Here is a short primer on building in Belize.
Unless you are planning on building a 1 room shack, you will need a building permit to start construction.
Non-commercial buildings under 900 sf do not have to have an architect's plan, but will need a "technician's" plan. The architect or technician need to be from Belize, and you can contact one once you arrive in Belize. It helps the process if you get an endorsement letter from the Village Council too.
The plan will need to include a site plan, GPS coordinates and indicate landmarks, septic location, plumbing diagram and electrical plan. Your technician or architect will already know this and ask you if you want to have them include it in the plan. Just say yes.
After applying and paying for your building permit, in Belize City, it will take a couple of weeks for them to "review" it, even if they have no other projects ahead of yours. Once approved they will want to come out and inspect the staking, etc. You will go thru a couple of inspections during the building process and will hopefully finally receive a certificate of occupancy, which is necessary if you ever want to sell the property.
To apply for an electric meter you will need to have used a licensed electrician, licensed in Belize. Right now, Caye Caulker only has 1 licensed electrician. He will provide you with the signed form that you will need to use, you will bring that, along with a copy of your land title or something showing that you own the property, to set up an electric meter and service. You can set up your electric service in San Pedro or Belize City.

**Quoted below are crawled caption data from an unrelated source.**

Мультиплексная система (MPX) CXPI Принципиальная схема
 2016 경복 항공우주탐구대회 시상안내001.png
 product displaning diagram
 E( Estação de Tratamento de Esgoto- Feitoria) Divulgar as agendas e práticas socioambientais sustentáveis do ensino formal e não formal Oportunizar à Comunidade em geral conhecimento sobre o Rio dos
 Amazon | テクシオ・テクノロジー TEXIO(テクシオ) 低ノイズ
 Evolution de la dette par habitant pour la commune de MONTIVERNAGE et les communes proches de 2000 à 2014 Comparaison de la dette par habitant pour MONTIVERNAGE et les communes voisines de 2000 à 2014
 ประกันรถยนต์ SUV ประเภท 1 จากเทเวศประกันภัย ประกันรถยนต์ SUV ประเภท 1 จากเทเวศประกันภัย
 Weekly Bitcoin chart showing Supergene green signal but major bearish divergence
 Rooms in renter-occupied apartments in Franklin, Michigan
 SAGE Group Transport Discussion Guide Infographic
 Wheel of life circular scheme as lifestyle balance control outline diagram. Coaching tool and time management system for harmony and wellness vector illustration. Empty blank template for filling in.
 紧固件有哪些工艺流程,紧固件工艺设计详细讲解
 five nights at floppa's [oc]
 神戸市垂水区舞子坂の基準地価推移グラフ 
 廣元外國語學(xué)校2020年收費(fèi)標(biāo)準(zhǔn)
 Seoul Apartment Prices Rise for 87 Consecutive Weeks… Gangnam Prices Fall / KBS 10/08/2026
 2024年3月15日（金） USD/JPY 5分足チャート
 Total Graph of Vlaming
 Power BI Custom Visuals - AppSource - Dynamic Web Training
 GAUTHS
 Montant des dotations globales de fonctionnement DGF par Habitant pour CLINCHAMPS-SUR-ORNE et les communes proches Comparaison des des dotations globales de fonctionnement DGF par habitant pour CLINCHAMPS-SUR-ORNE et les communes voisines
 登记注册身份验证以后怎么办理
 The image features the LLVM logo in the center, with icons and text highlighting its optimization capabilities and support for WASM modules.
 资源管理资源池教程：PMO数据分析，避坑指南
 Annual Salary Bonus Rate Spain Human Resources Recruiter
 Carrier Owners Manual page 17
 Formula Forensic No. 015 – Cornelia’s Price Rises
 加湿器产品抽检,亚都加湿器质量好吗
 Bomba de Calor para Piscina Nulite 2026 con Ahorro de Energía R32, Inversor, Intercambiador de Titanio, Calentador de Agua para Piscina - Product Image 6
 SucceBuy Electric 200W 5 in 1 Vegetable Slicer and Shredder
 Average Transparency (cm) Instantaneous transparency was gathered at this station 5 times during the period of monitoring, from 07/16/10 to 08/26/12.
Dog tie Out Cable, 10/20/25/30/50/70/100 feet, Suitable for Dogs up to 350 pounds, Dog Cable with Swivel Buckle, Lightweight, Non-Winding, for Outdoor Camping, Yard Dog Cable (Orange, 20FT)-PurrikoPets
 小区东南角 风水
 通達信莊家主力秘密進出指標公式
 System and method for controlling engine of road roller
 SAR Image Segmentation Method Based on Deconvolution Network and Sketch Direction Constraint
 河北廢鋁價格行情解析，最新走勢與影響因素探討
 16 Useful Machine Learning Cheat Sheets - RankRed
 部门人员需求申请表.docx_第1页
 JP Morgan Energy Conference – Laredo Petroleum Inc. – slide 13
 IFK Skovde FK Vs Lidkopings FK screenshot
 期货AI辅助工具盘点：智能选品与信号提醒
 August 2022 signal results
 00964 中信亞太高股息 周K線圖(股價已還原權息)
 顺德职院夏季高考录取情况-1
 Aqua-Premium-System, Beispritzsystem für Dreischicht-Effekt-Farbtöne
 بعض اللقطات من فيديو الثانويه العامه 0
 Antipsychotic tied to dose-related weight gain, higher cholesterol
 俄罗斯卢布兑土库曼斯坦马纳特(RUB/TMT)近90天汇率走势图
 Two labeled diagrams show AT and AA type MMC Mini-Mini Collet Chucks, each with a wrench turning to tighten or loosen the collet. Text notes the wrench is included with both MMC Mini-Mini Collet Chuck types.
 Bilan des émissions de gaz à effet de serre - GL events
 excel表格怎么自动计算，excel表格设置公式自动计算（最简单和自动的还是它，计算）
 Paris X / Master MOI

The Caye Caulker office only deals with technical matters, and not with accounts. Plan on the process taking 2-3 weeks.
Your water meter is a bit easier. You can go to the office on Caye Caulker located near the back municipal pier on a Tuesday or Thursday, when they send a CSR from Belize City. The water company technician has to come out and do a site survey to see where the existing hook ups are. You will be given a meter number and an account number within a week. You will need to go to Atlantic Bank and pay for your meter, installation and security deposit. You will take your receipt to the water company office on Caye Caulker and then will schedule the meter hook up.
If you use a Mennonite builder, they have their own plumbers and electricians available, and can finish the inside too, however their choices in interior design are quite dated to say the least. I have used local Spanish builders with local electrician and plumbers, and I have also used the Mennonites to build. Its a mixed bag, I couldn't say which I liked better. You will definitely have to be here EVERY DAY during the process, and contacting people in advance while you are still in the U.S., even though it reassures you, it doesn't make the process go any faster once you are here. In the past, the Mennonites have gotten a bad rap for bad quality construction and wood, but frankly, the Spanish builders are buying their wood from the Mennonites too, and they have brought their quality up a lot since I moved here 15 years ago. You can check out pricing and floor plans at the Pletts website, along with pricing. I have never built in concrete, only in wood. The rules for building in concrete are pretty much the same. I hope I have answered most of your questions. And maybe in years past they have shipped completed houses on the barge and just set them up, but the Mennonites are not doing that any more. There are only 2-3 Mennonite companies that will come to Caye Caulker. Tropical Homes, Pletts and Tuarg (sp?) are the 3 I know of. Pletts has the most complete website, and was the only Mennonite builder to consistently answer their phone and emails. Tropical Homes does beautiful work, but I didn't have the time to wait around until they decided to get back to me.